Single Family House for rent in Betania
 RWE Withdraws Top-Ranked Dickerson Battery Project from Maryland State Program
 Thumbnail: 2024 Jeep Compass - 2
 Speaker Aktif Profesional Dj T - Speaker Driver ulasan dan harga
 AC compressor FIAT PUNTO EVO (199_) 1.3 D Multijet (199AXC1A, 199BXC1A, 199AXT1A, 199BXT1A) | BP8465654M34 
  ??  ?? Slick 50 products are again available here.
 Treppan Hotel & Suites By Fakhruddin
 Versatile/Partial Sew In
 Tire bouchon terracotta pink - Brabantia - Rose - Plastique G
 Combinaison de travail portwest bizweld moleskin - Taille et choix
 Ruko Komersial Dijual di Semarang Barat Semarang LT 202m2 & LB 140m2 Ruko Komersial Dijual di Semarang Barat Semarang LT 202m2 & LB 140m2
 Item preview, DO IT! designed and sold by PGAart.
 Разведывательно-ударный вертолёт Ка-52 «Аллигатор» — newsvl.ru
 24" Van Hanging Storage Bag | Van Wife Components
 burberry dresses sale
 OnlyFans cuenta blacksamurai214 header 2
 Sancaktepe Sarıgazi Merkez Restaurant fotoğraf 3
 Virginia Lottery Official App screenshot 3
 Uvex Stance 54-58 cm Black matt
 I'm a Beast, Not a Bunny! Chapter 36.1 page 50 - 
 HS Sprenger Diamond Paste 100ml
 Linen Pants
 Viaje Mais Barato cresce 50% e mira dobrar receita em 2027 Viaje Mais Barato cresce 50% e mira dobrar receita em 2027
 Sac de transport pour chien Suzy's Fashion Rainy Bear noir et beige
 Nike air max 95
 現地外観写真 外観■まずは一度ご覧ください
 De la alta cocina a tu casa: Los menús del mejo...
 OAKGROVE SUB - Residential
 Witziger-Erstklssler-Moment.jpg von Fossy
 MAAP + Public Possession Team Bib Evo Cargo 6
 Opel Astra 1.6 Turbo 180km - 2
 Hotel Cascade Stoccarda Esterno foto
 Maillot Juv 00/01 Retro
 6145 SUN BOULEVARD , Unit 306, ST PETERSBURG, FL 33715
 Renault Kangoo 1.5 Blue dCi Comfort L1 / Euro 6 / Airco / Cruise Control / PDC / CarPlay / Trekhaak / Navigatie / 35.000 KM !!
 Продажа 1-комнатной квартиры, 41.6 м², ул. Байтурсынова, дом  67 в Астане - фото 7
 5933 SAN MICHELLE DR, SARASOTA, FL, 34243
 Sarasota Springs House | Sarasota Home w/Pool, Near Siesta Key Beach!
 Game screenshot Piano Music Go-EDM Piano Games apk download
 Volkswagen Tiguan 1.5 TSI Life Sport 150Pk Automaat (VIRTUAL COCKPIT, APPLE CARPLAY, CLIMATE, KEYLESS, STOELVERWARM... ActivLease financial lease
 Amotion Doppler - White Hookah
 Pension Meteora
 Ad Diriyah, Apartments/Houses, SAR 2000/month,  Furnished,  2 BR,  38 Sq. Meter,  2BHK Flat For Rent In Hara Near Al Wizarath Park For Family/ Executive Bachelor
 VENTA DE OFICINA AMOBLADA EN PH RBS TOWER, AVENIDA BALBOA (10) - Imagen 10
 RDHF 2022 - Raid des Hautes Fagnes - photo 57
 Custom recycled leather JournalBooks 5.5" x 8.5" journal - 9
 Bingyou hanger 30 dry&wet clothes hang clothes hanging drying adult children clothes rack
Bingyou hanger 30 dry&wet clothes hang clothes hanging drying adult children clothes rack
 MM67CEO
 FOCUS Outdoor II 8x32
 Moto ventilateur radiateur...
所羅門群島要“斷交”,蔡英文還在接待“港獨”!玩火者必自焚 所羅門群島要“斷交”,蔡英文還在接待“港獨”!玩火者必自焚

Problem description
Reproduce word for word the material above, beginning with the line that contains "I'm a Beast, Not" and ending with the line that contains "6145 SUN BOULEVARD".

Solution
 I'm a Beast, Not a Bunny! Chapter 36.1 page 50 - 
 HS Sprenger Diamond Paste 100ml
 Linen Pants
 Viaje Mais Barato cresce 50% e mira dobrar receita em 2027 Viaje Mais Barato cresce 50% e mira dobrar receita em 2027
 Sac de transport pour chien Suzy's Fashion Rainy Bear noir et beige
 Nike air max 95
 現地外観写真 外観■まずは一度ご覧ください
 De la alta cocina a tu casa: Los menús del mejo...
 OAKGROVE SUB - Residential
 Witziger-Erstklssler-Moment.jpg von Fossy
 MAAP + Public Possession Team Bib Evo Cargo 6
 Opel Astra 1.6 Turbo 180km - 2
 Hotel Cascade Stoccarda Esterno foto
 Maillot Juv 00/01 Retro
 6145 SUN BOULEVARD , Unit 306, ST PETERSBURG, FL 33715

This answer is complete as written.